::: RECORDED DATA :::
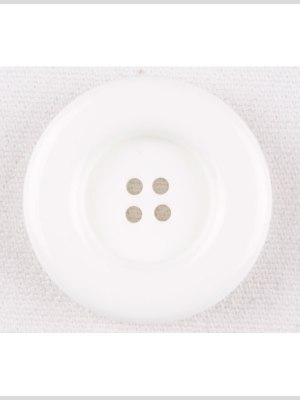 White Plastic Button – 48L/30.5mm White Plastic Button – 48L/30.5mm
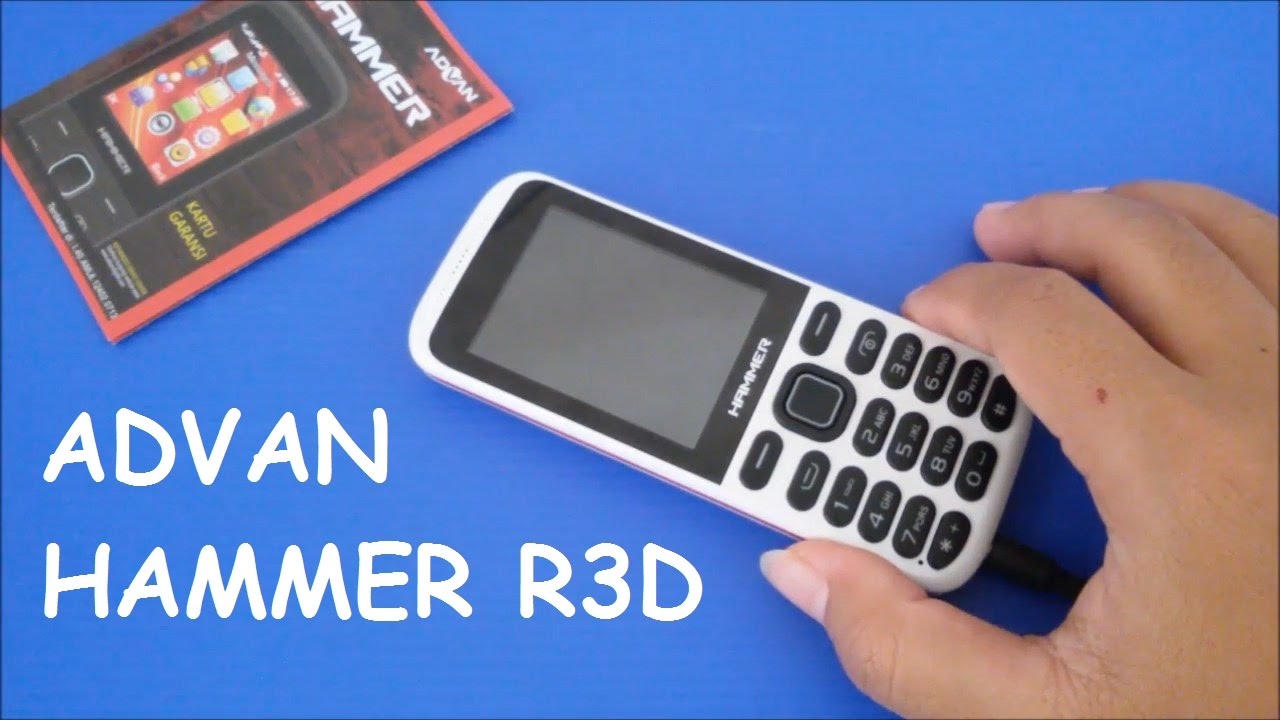 Unboxing (Review Gagal) Advan Hammer R3D, HP Murah Lengkap Beud - YouTube
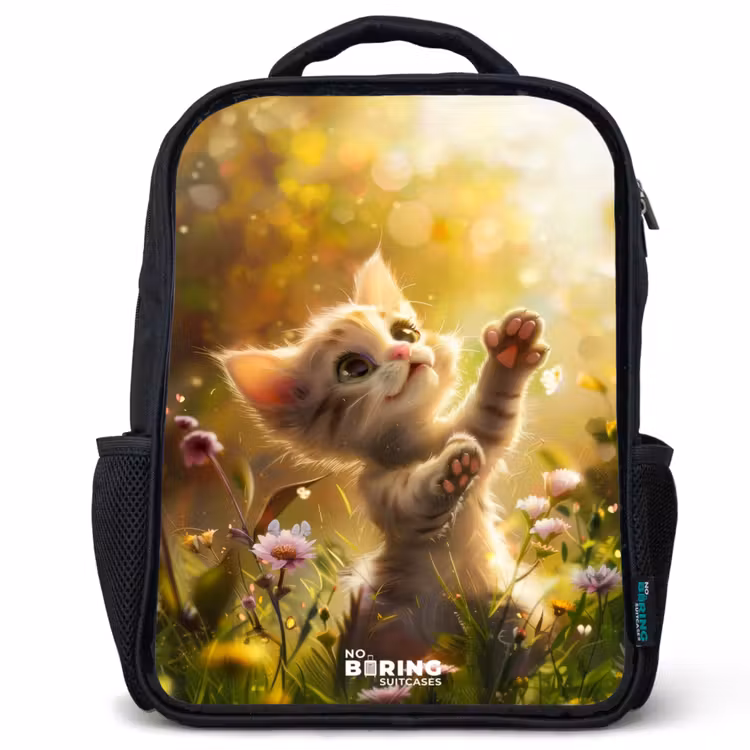 Sac à dos enfant - Noir - Chaton Koosje — 1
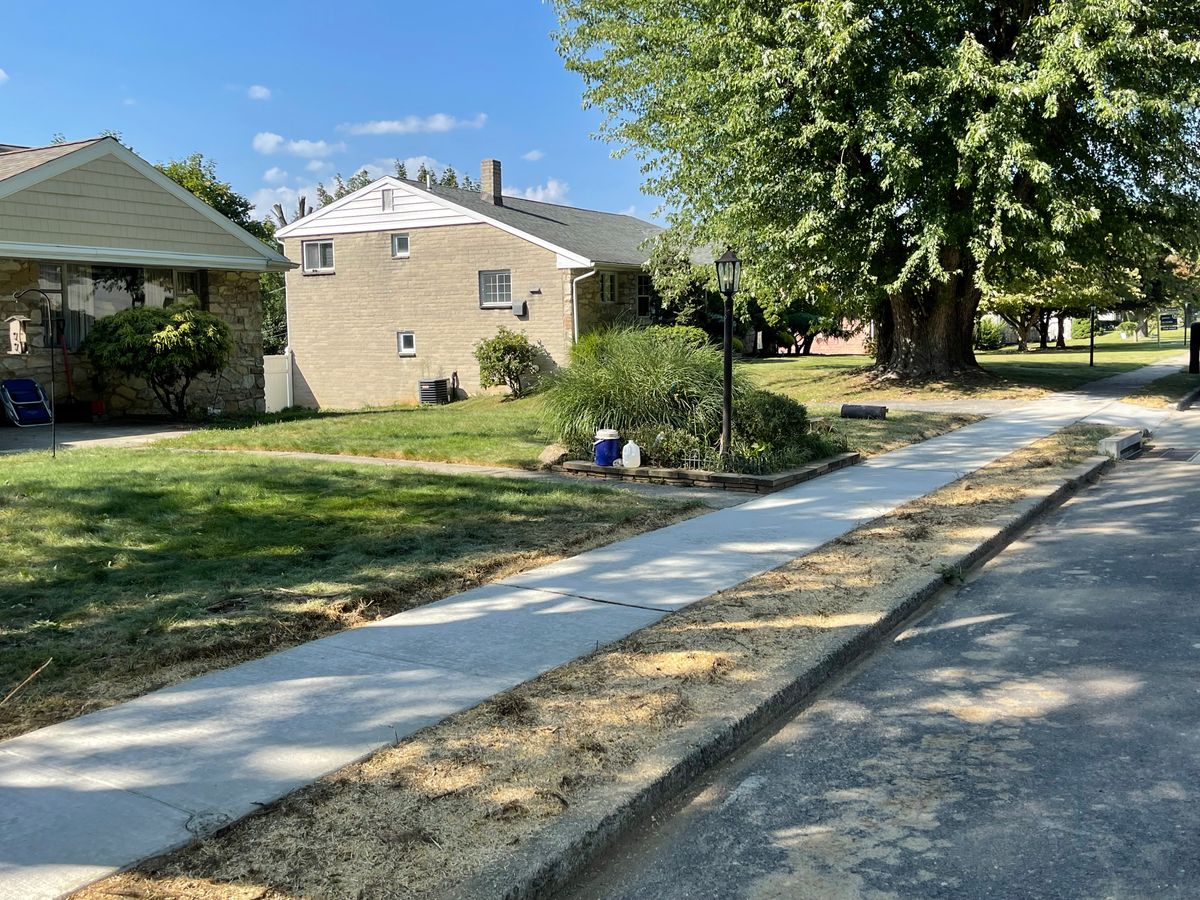 Sidewalk Installation for Berks Concrete & Construction LLC in Berks County, PA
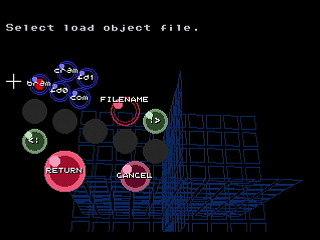 Minimal Integratad Modeling and Attribute dsign System / MIMAS v1.01 by VSC / S. Moriyama - Screenshot #7 Sega Saturn Game Basic - Minimal Integratad Modeling and Attribute dsign System / MIMAS v1.01 by VSC / S. Moriyama - Screenshot #7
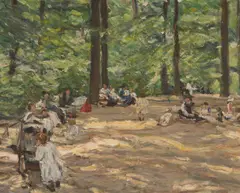 OR CIRCLE OF LIEBERMANN (German, 1847-1935) oil on canvas – Berlin gardens, by Max Liebermann, oil on canvas, offered May 2026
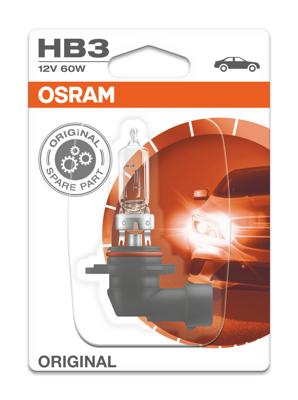 Osram Automotive 9005 Halogeenlamp Original Line HB3 60 W 12 V Osram Automotive 9005 Halogeenlamp Original Line HB3 60 W 12 V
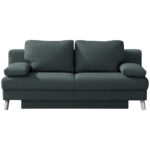 BANK MET BEDFUNCTIE, grijs textiel thumbnail 1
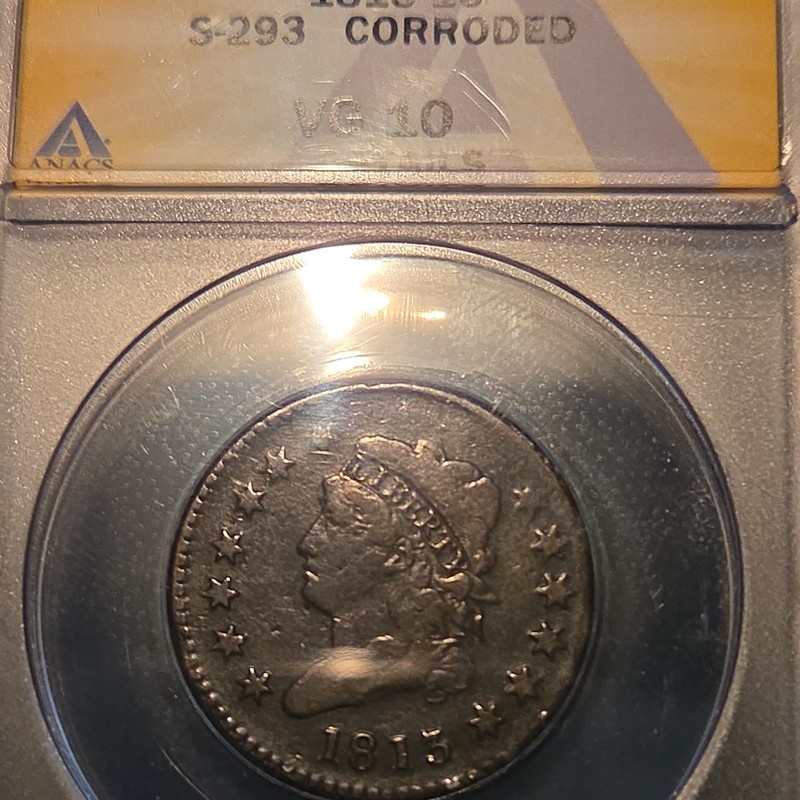 1813 Classic Head Large Cent.  VG 10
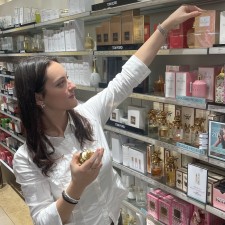 Maria-Yvette bei der Arbeit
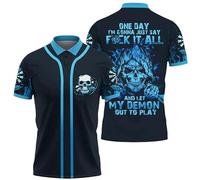 keepmore Drôle 3D Dart Imprimer Polo Homme Casual Revers Pull Tops Patte De Boutonnage Jeu de Fléchettes Tonnerre Éclair Graphique Golf Porter T-Shirt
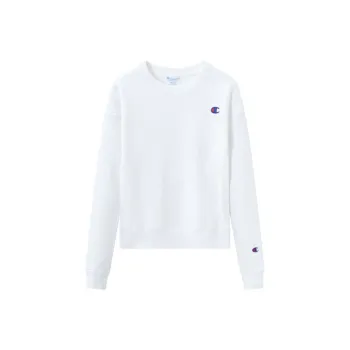 Champion Crew Neck Sweatshirt US Version Unisex White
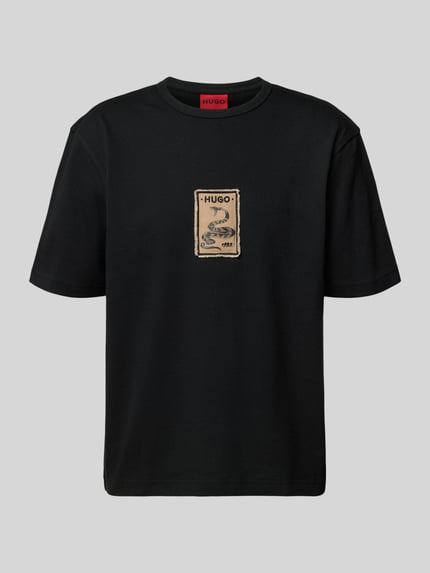 Regular Fit T-Shirt aus reiner Baumwolle Modell 'DOBUL' Shop The Look MANNEQUINE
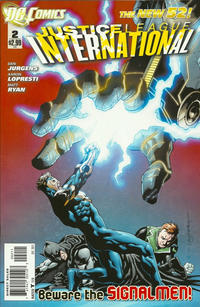 Cover Thumbnail for Justice League International (DC, 2011 series) #2 [Direct Sales]
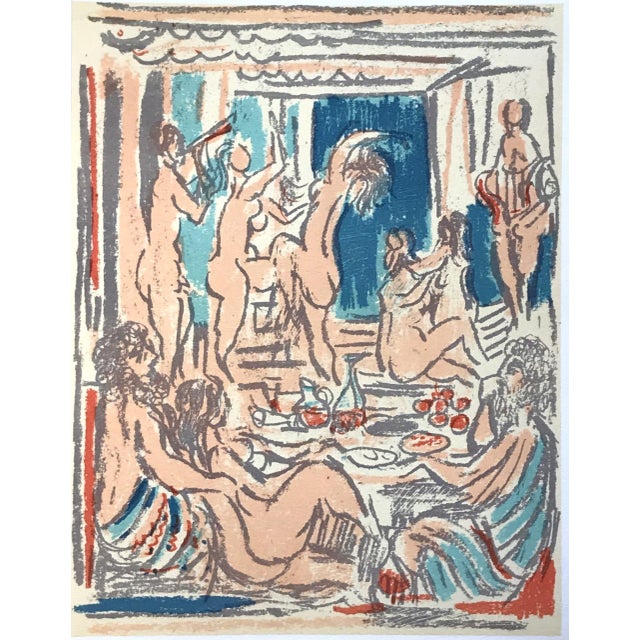 Artist: Andr? Cottavoz Country:? France Title: Untitled? V1-2 Medium: Original Lithograph Marks: Not signed not numbered...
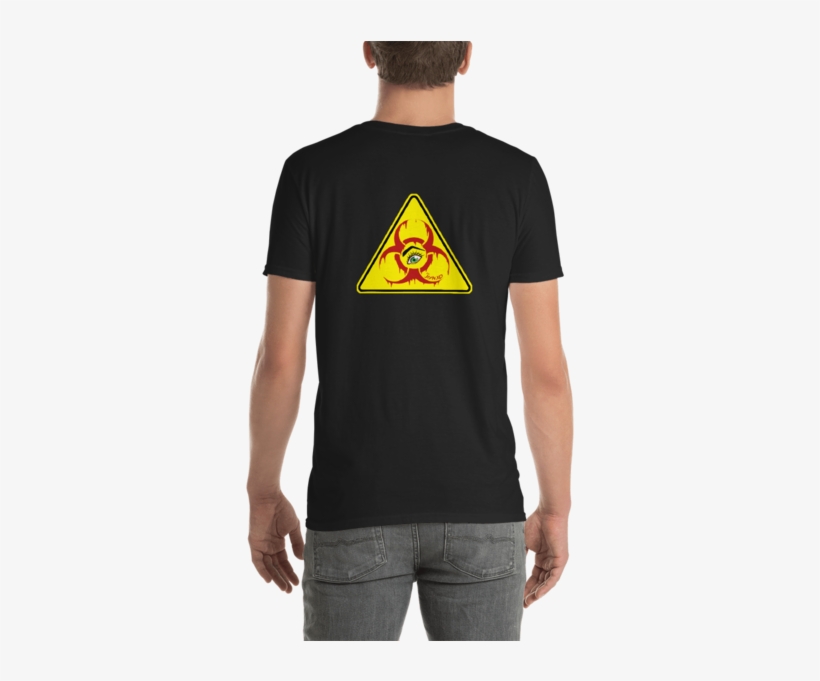 Biohazard Sign Short Sleeve Unisex T Shirt - T-shirt, transparent png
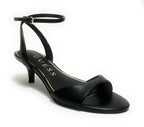 Sandalo Guess Lerela TC 55 in pelle black DS26GU30 FLJLERLEA03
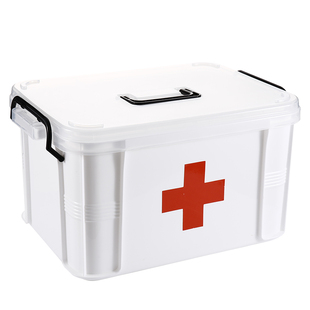 家庭特大号医药箱多层医要急救箱品收纳盒家用塑料儿童小药箱出诊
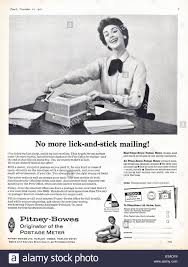 Advert For Pitney Bowes Franking Machine In Punch Magazine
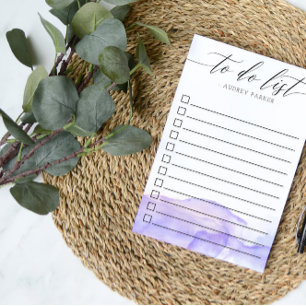 Post-it® Case à cocher Couleur d'aquarelle violette pour fa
:::
## TRY IT
For the data above, set down exactly the lines from the line with "Sac à dos enfant - Noir - Chaton Koosje — 1" to the line with "Screenshot #7 Sega", both included, leaving pictures out.

## ANSWER SPACE
 Sac à dos enfant - Noir - Chaton Koosje — 1
 Sidewalk Installation for Berks Concrete & Construction LLC in Berks County, PA
 Minimal Integratad Modeling and Attribute dsign System / MIMAS v1.01 by VSC / S. Moriyama - Screenshot #7 Sega Saturn Game Basic - Minimal Integratad Modeling and Attribute dsign System / MIMAS v1.01 by VSC / S. Moriyama - Screenshot #7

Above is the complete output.